Required action: Exact copy, no pictures: reproduce the lines from the one that holds "this 350×263 image." through the end of the entries.

*** Data Section Begins ***

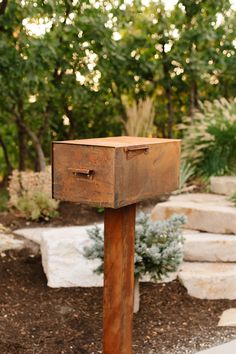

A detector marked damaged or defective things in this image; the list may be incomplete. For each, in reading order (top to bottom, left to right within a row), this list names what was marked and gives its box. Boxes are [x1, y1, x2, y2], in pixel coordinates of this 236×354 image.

rusty metal panel [52, 142, 115, 207]
rusty metal panel [52, 136, 181, 207]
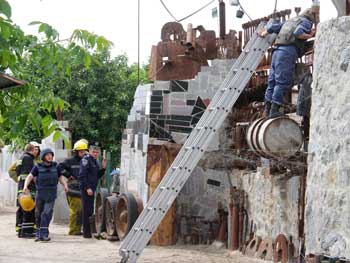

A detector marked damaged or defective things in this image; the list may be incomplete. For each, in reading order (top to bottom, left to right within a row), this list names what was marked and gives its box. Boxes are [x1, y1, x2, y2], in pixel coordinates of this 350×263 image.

rusty machine part [246, 117, 304, 159]
rusty machine part [115, 193, 144, 240]
rusty machine part [243, 237, 262, 258]
rusty machine part [256, 239, 274, 262]
rusty machine part [274, 235, 290, 263]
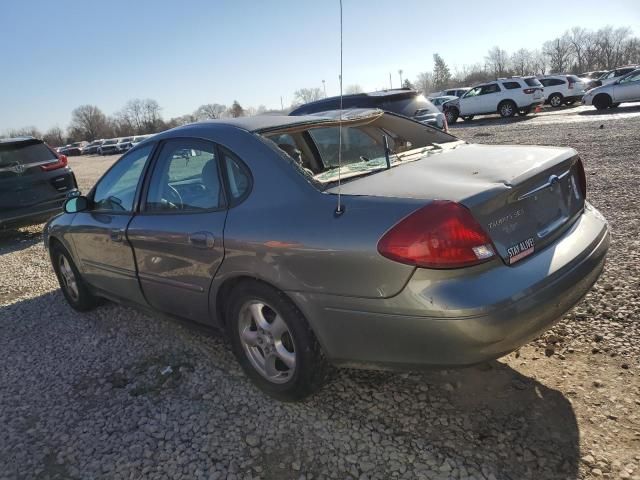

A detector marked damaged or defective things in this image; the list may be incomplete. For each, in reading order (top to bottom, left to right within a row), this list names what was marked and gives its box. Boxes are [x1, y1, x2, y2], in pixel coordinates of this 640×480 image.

damaged ford taurus [42, 109, 608, 402]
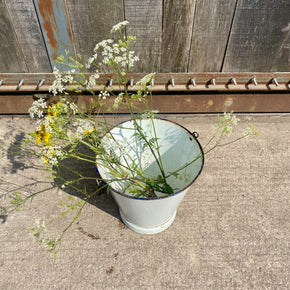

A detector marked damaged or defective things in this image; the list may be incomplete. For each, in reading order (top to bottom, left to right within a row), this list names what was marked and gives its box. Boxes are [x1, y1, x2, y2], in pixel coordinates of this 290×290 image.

rusty metal strip [32, 0, 75, 70]
rusty metal strip [0, 72, 288, 91]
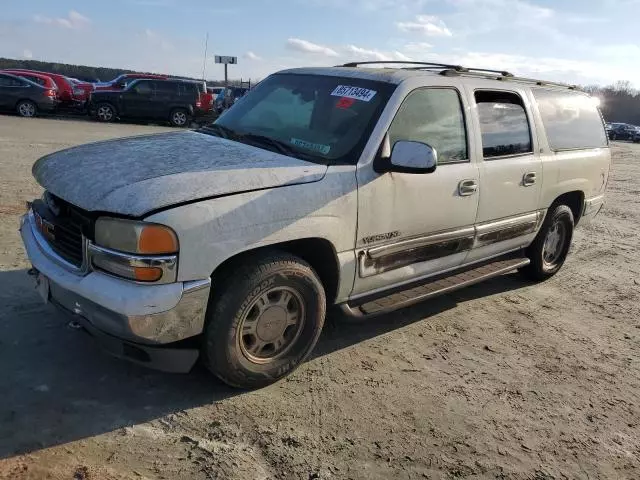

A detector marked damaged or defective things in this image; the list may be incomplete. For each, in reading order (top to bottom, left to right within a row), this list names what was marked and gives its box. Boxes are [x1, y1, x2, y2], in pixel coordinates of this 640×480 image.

dented hood [32, 129, 328, 216]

*** Data Section Ends ***

Answer to this exercise:
A detector marked damaged or defective things in this image; the list may be incomplete. For each, in reading order (top to bottom, left to right within a row), this list names what was marked and gives its box. Boxes are [x1, y1, x2, y2], in pixel coordinates of this 350×263 image.

rusty machine part [246, 117, 304, 159]
rusty machine part [115, 193, 144, 240]
rusty machine part [243, 237, 262, 258]
rusty machine part [256, 239, 274, 262]
rusty machine part [274, 235, 290, 263]

A detector marked damaged or defective things in this image; the list may be incomplete. For each, in reading order (top to bottom, left to right within a row), this list names what was marked and gives its box. Boxes are [x1, y1, x2, y2], in pixel coordinates of this 640×480 image.

damaged ford taurus [42, 109, 608, 402]

A detector marked damaged or defective things in this image; the list may be incomplete. For each, in reading order (top to bottom, left to right within a row), this list names what was marked and gives its box. Boxes are [x1, y1, x2, y2], in pixel coordinates of this 290×290 image.

rusty metal strip [32, 0, 75, 70]
rusty metal strip [0, 72, 288, 91]

A detector marked damaged or defective things in this image; the list may be incomplete. For each, in reading order (top to bottom, left to right within a row), this list names what was marked and gives its box. Boxes are [x1, y1, x2, y2], in pixel coordinates of this 640×480 image.

dented hood [32, 129, 328, 216]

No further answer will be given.